** Available data follows **

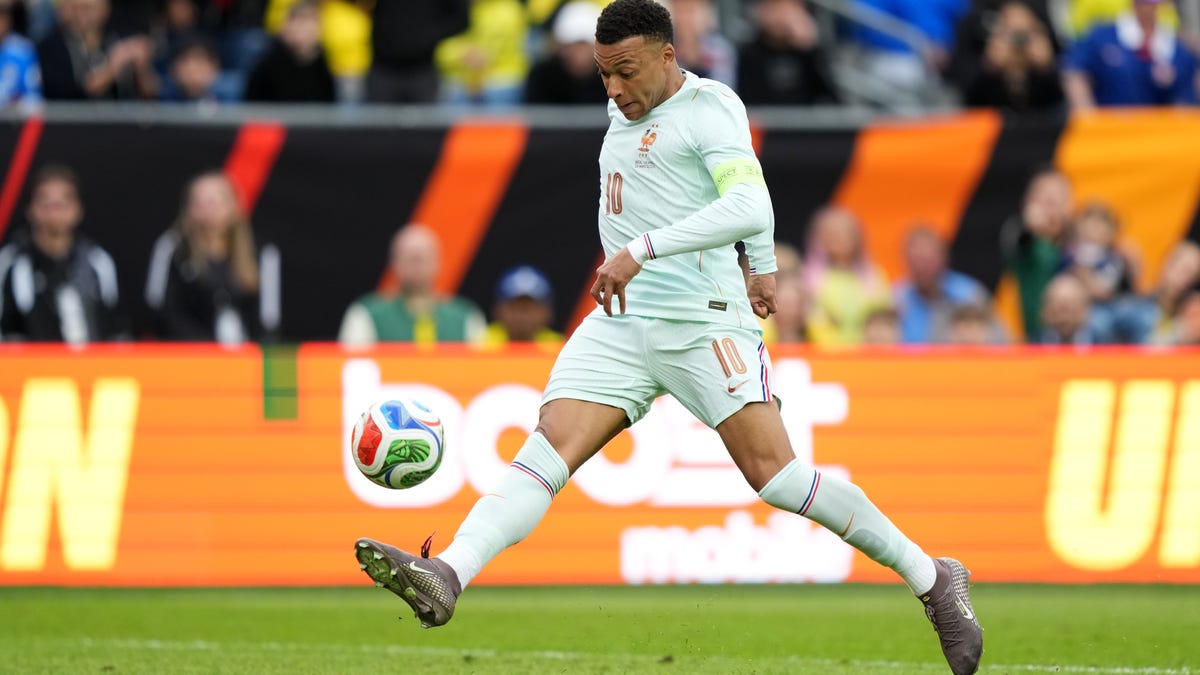 Kylian Mbappé scored the opener and Hugo Ekitike added another as France beat Brazil 2–1 in a star‑studded friendly at Gillette Stadium.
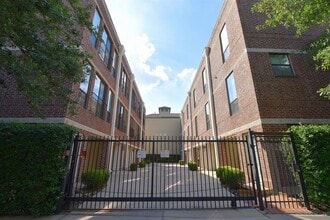 Building Photo - 118 McGowen St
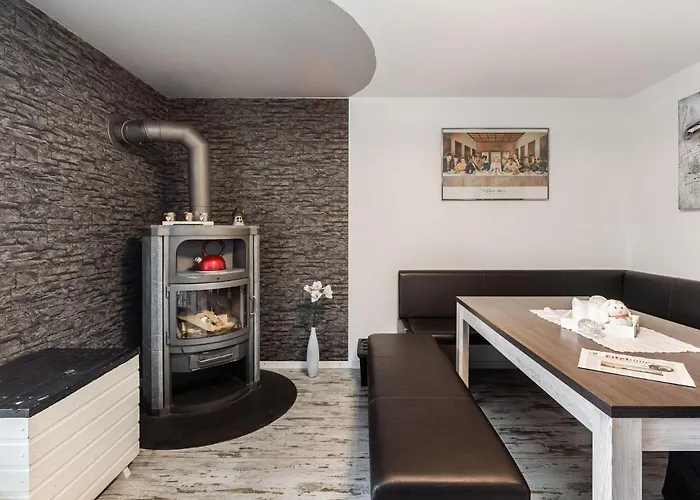 In Monschau-hoefen Mit Eigenem Garten *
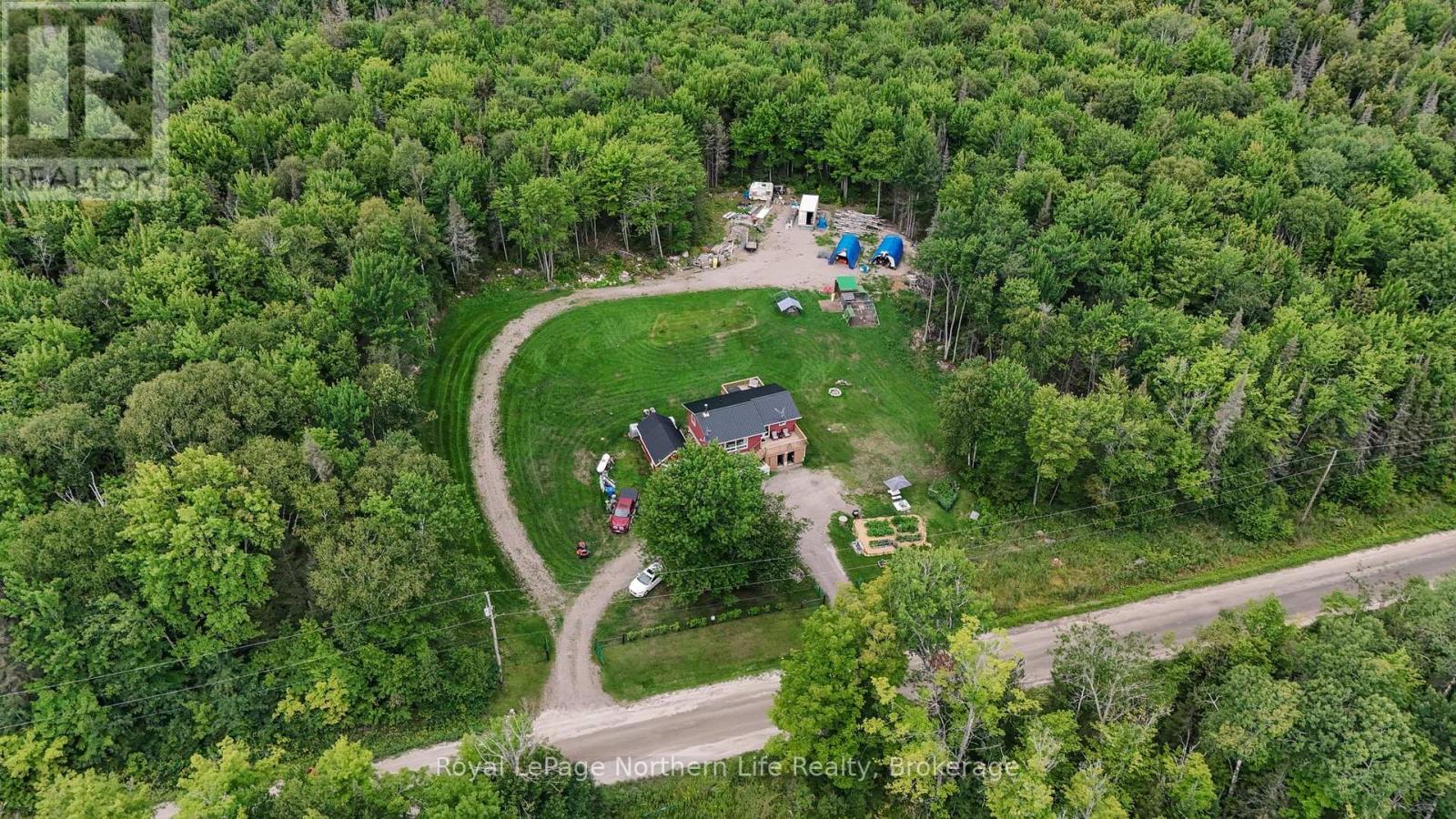 1343 GOLF COURSE ROAD - 45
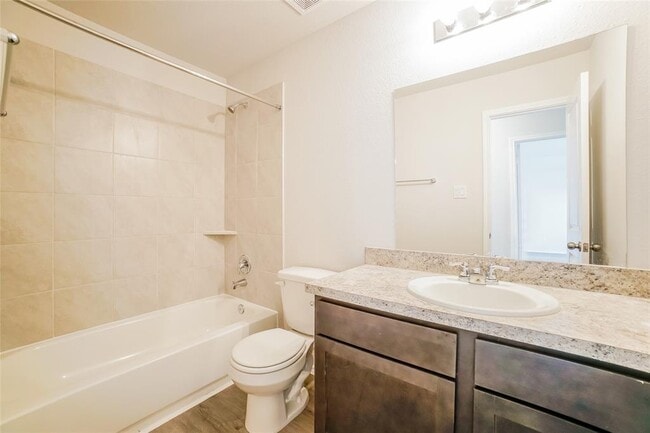 Building Photo - 314 Pronghorn Dr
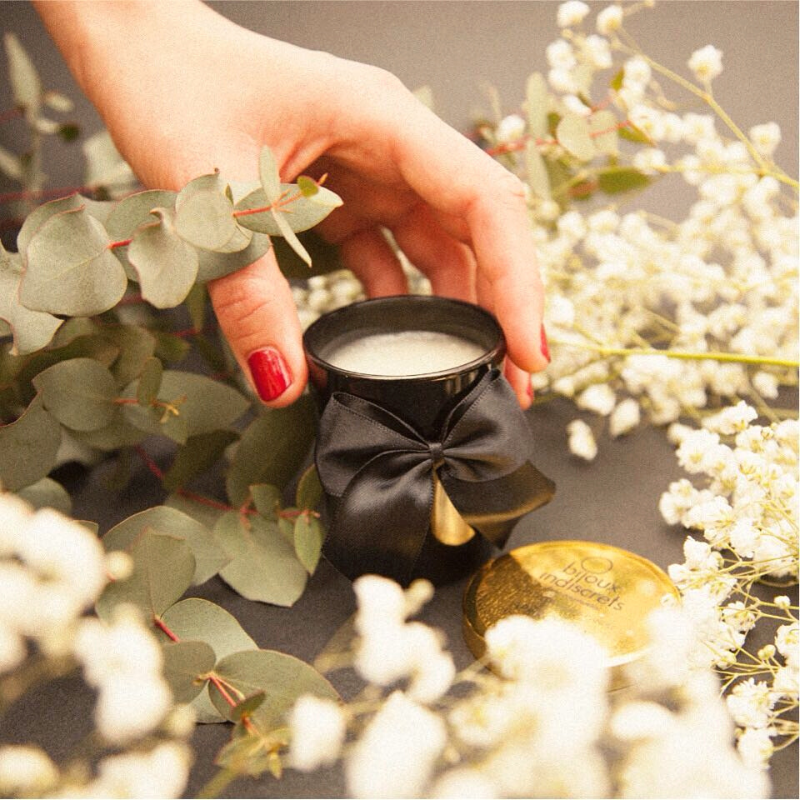 bijoux-indiscrets-melt-my-heart-aphrodisia-swieca-do-masazu-roza-jasmin-ylang-ylang-70-g-swieca-wsrod-kwiatow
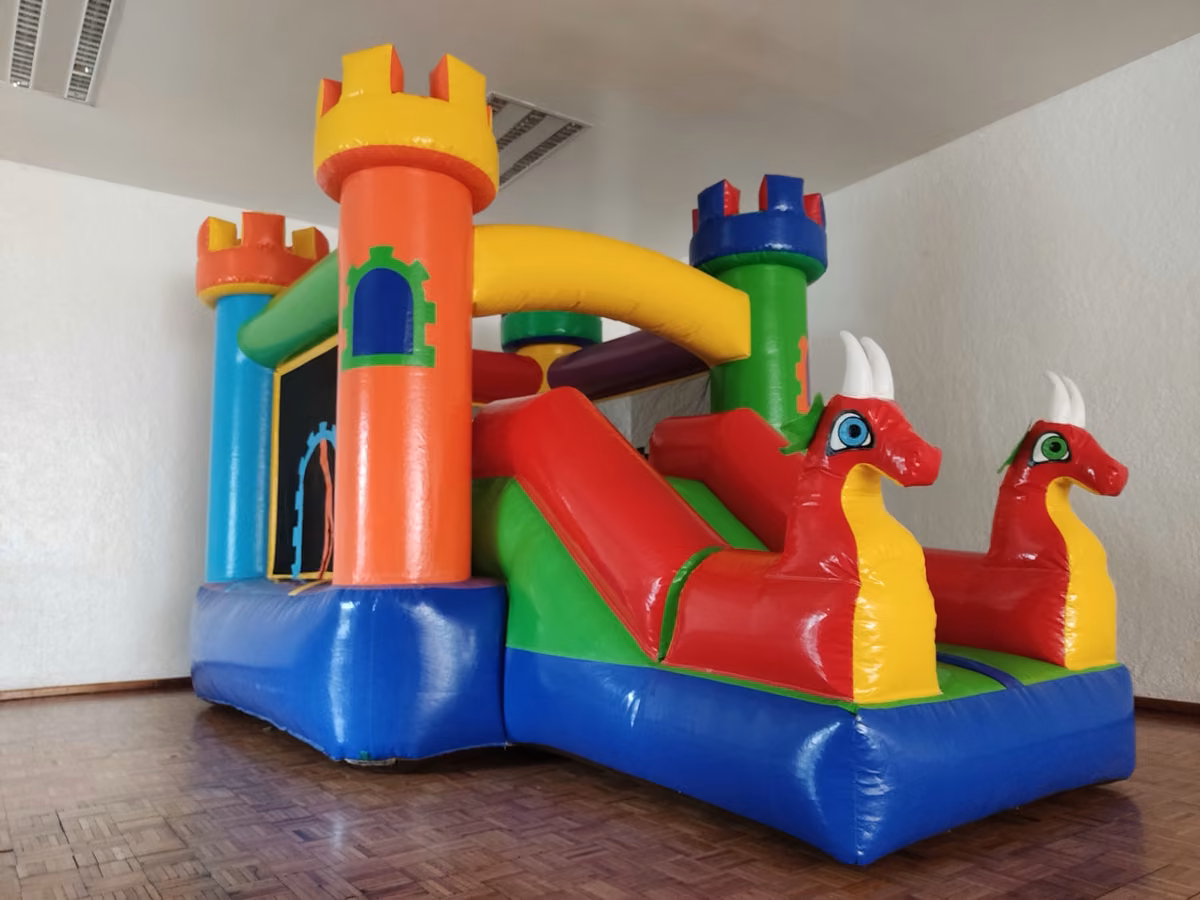 Zona de brinco y resbaladilla del inflable Dragones Rojos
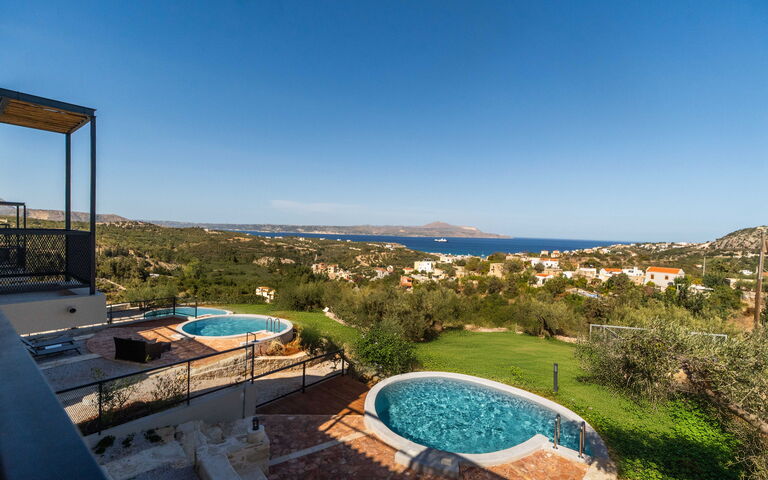 Villa Lavidona: Buitenkanten, Buitenshuis, zwembad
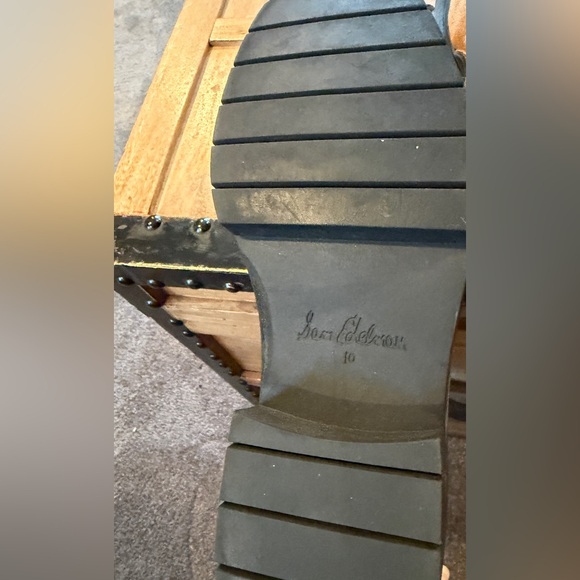 Sam Edelman women’s Tan Chelsea Boots - Picture 6 of 9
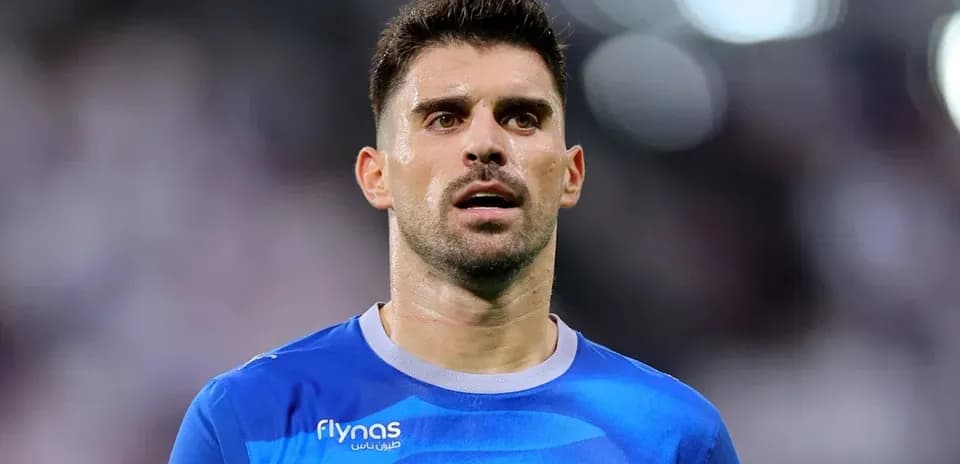 Jugador con camiseta azul en el campo de fútbol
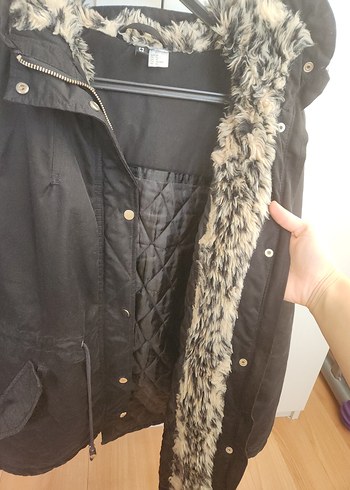 Siyah Kadın Midi Boy Kürklü mont - Görsel 3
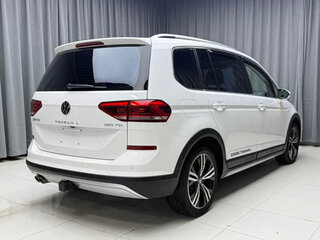 2023 Volkswagen Touran Cross L II, белый, 1990000 рублей, вид 4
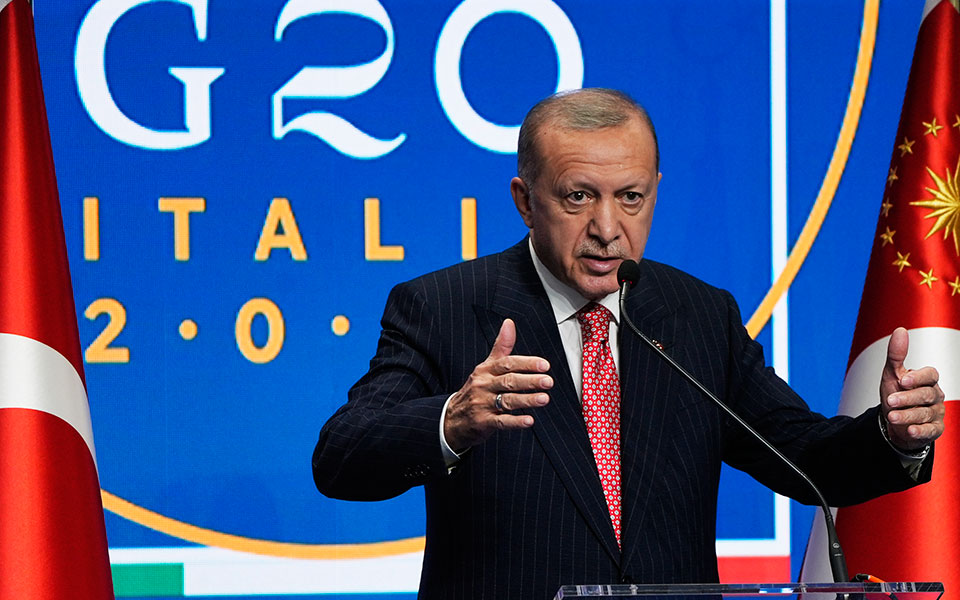 ερντογάν-δεν-θέλει-διάσκεψη-για-τη-λιβ-561566152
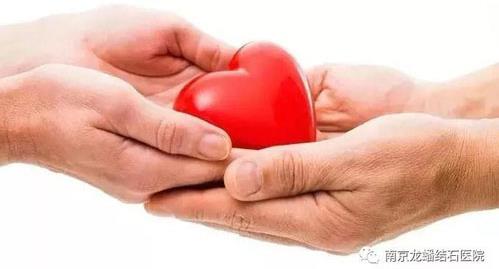 南京龙蟠结石医院紧急调配口罩物资，免费捐赠防疫一线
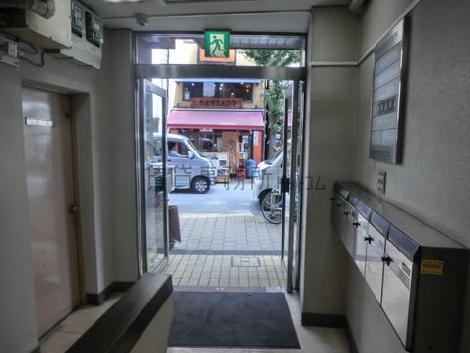 正面玄関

** End of Available data **

Type the entries again verbatim. Drop the images.

 Kylian Mbappé scored the opener and Hugo Ekitike added another as France beat Brazil 2–1 in a star‑studded friendly at Gillette Stadium.
 Building Photo - 118 McGowen St
 In Monschau-hoefen Mit Eigenem Garten *
 1343 GOLF COURSE ROAD - 45
 Building Photo - 314 Pronghorn Dr
 bijoux-indiscrets-melt-my-heart-aphrodisia-swieca-do-masazu-roza-jasmin-ylang-ylang-70-g-swieca-wsrod-kwiatow
 Zona de brinco y resbaladilla del inflable Dragones Rojos
 Villa Lavidona: Buitenkanten, Buitenshuis, zwembad
 Sam Edelman women’s Tan Chelsea Boots - Picture 6 of 9
 Jugador con camiseta azul en el campo de fútbol
 Siyah Kadın Midi Boy Kürklü mont - Görsel 3
 2023 Volkswagen Touran Cross L II, белый, 1990000 рублей, вид 4
 ερντογάν-δεν-θέλει-διάσκεψη-για-τη-λιβ-561566152
 南京龙蟠结石医院紧急调配口罩物资，免费捐赠防疫一线
 正面玄関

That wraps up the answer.